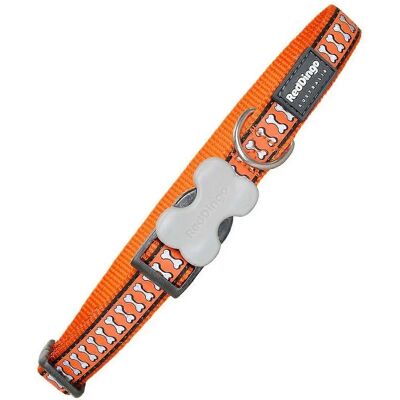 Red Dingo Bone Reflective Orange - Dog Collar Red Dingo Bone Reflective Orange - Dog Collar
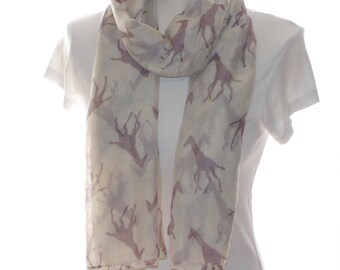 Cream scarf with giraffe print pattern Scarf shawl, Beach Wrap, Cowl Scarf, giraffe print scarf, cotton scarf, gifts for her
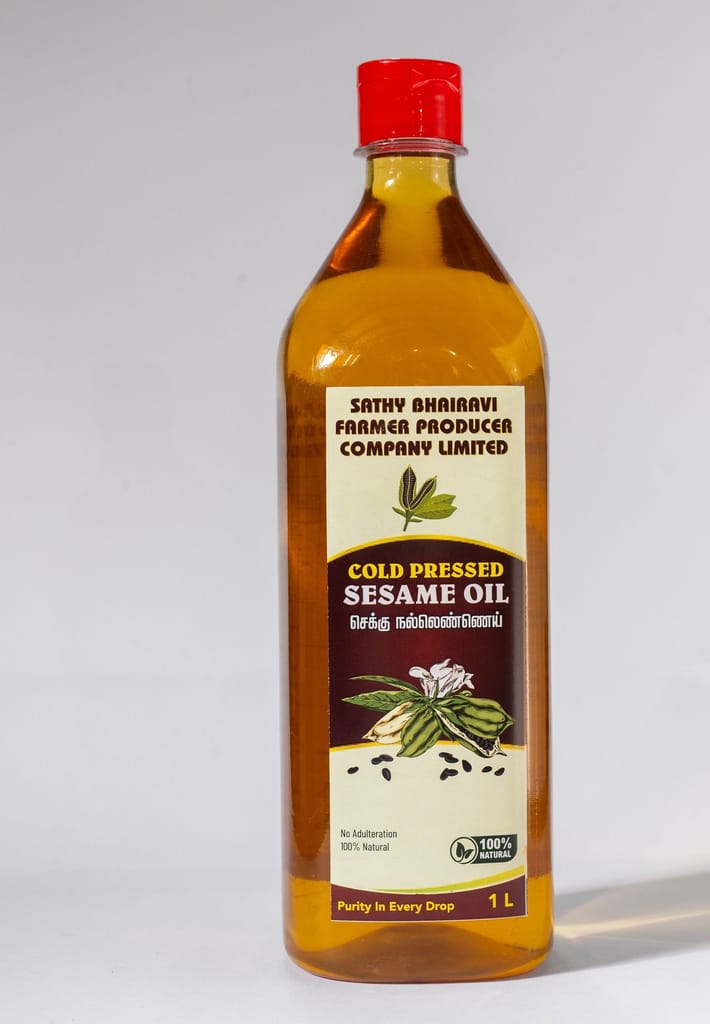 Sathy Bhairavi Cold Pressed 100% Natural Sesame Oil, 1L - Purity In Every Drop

* * *

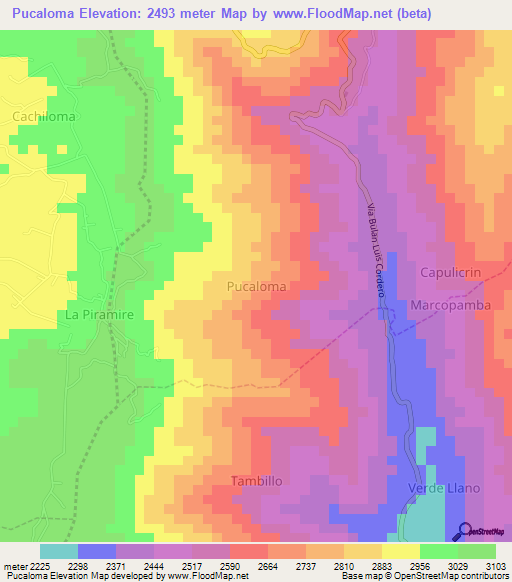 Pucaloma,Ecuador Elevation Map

▶ **REQUIRED WORK**
In the data above, start at the line holding "Red Dingo Bone Reflective Orange - Dog Collar Red" and stop after the line holding "Sathy Bhairavi Cold"; write out those lines exactly, without pictures.

▶ **ANSWER TO THIS TASK**
 Red Dingo Bone Reflective Orange - Dog Collar Red Dingo Bone Reflective Orange - Dog Collar
 Cream scarf with giraffe print pattern Scarf shawl, Beach Wrap, Cowl Scarf, giraffe print scarf, cotton scarf, gifts for her
 Sathy Bhairavi Cold Pressed 100% Natural Sesame Oil, 1L - Purity In Every Drop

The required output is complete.